● **Brief descriptive captions**:
= = = = =

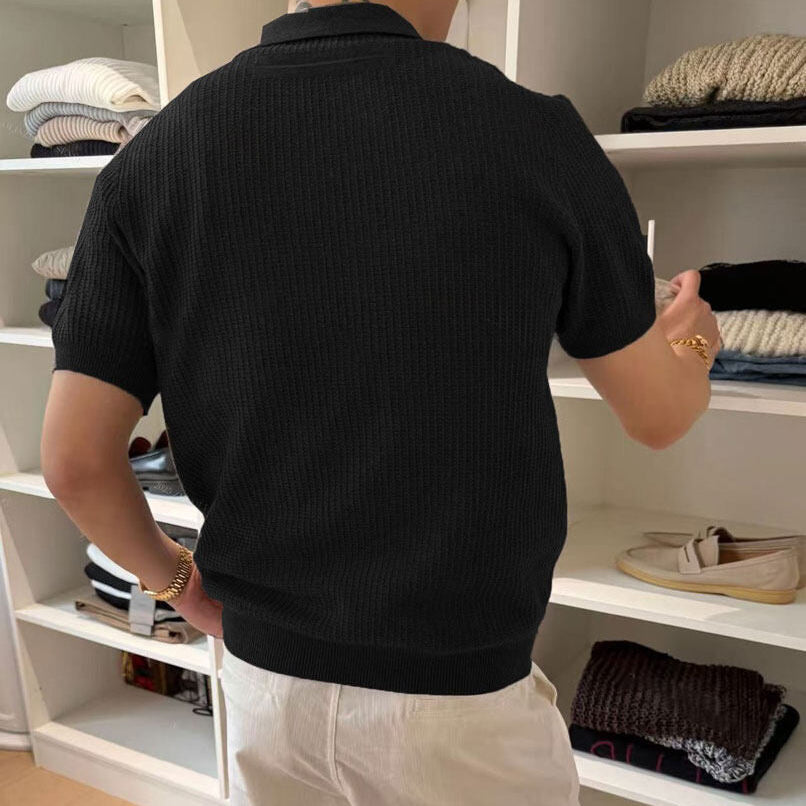 Men's Short Sleeve Open Placket Polo Shirt with Waffle Knit Surface and Ribbed Hem Band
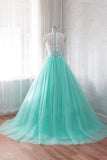 Tulle Buttons Lace Long Green Round Neck Prom Dress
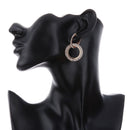 Fashion Jewelry Dangle Flicker Bright Earrings Double Round Circle Hoop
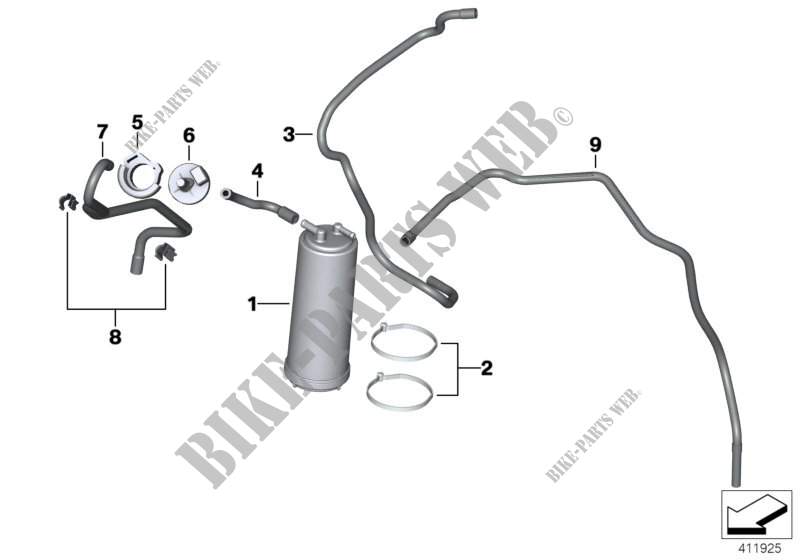 Activated Charcoal Filter/TUBING for BMW Motorrad R 1200 R from 2013
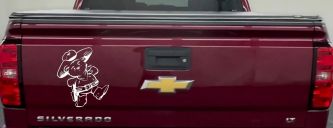 Cowboy Western Teddy Bear Western Car or Truck Window Decal Sticker (White)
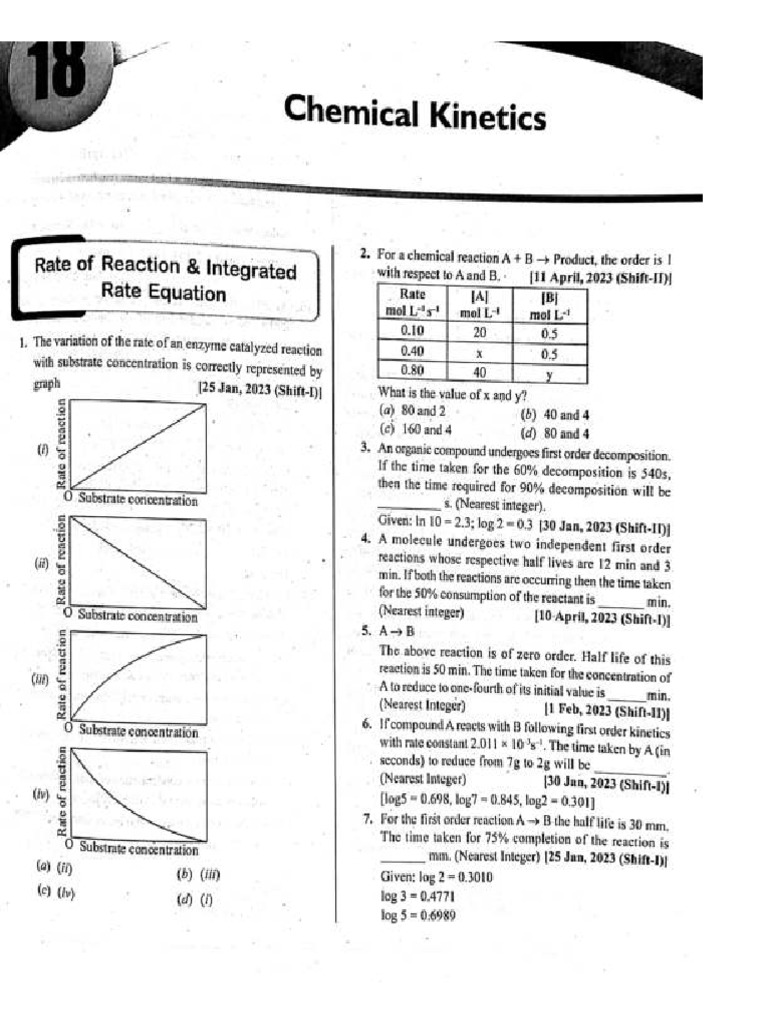Chemical kinetics pdf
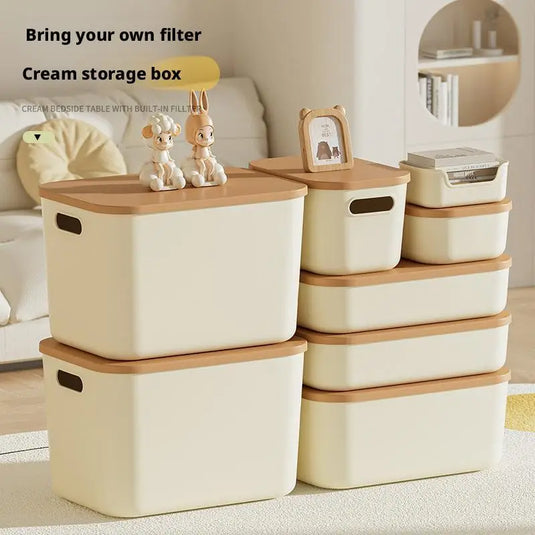 Toy Storage Box with Lid Desktop Plastic Snacks Cosmetics Organizer Basket Dormitory Wardrobe Sundry Pants Clothes Storage Box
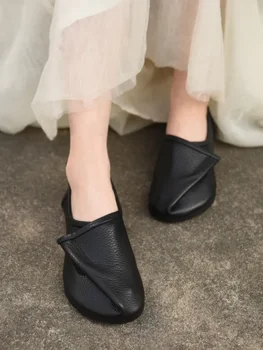 Оригинални дамски лоферы Artmu, луксозни обувки от естествена кожа, обувки на плоска подметка с куки, елегантни и ежедневни дамски обувки с мека подметка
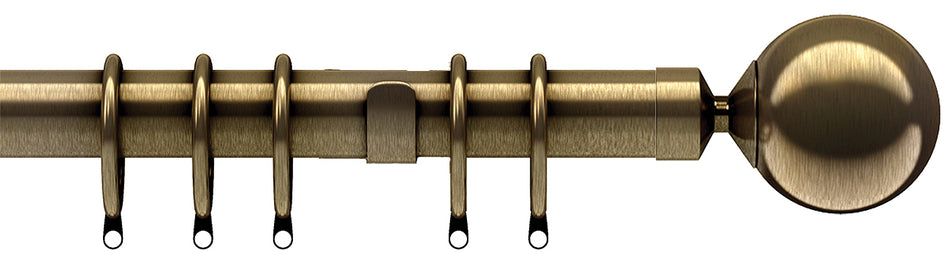 Speedy Poles Apart 28mm Curtain Pole, Antique Brass, Sphere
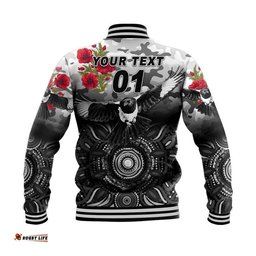 Custom Personalised Yuendumu Magpies Football Club ANZAC Baseball Jacket Indigenous Vibes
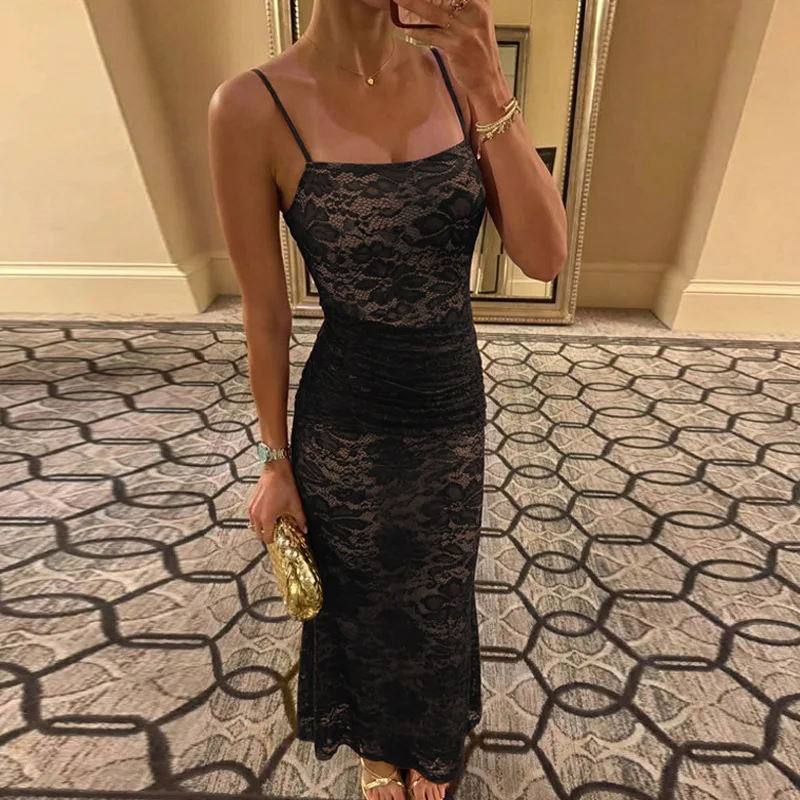 

Slimming Long Suspender Dress European American Sexy Style Solid Color Lace Waist Cinching Bag Hip Design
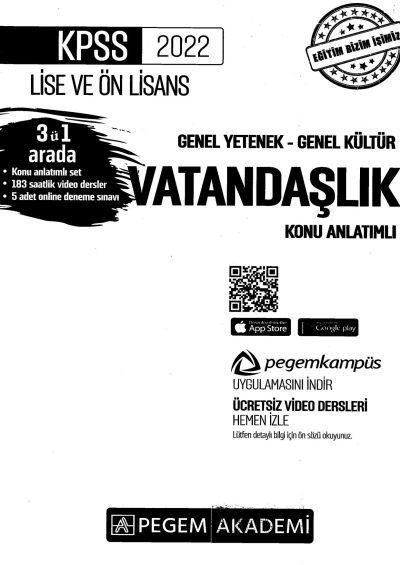 2022 KPSS LİSE VE ÖNLİSANS VATANDAŞLIK KONU ANLATIMI Vega Efsanesi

= = = = =

● **WORK INSTRUCTIONS**: Please reproduce every record exactly as written, excluding the pictures.

● **TASK ANSWER**:
 Men's Short Sleeve Open Placket Polo Shirt with Waffle Knit Surface and Ribbed Hem Band
 Tulle Buttons Lace Long Green Round Neck Prom Dress
 Fashion Jewelry Dangle Flicker Bright Earrings Double Round Circle Hoop
 Activated Charcoal Filter/TUBING for BMW Motorrad R 1200 R from 2013
 Cowboy Western Teddy Bear Western Car or Truck Window Decal Sticker (White)
Chemical kinetics pdf
 Toy Storage Box with Lid Desktop Plastic Snacks Cosmetics Organizer Basket Dormitory Wardrobe Sundry Pants Clothes Storage Box
 Оригинални дамски лоферы Artmu, луксозни обувки от естествена кожа, обувки на плоска подметка с куки, елегантни и ежедневни дамски обувки с мека подметка
 Speedy Poles Apart 28mm Curtain Pole, Antique Brass, Sphere
 Custom Personalised Yuendumu Magpies Football Club ANZAC Baseball Jacket Indigenous Vibes

Slimming Long Suspender Dress European American Sexy Style Solid Color Lace Waist Cinching Bag Hip Design
 2022 KPSS LİSE VE ÖNLİSANS VATANDAŞLIK KONU ANLATIMI Vega Efsanesi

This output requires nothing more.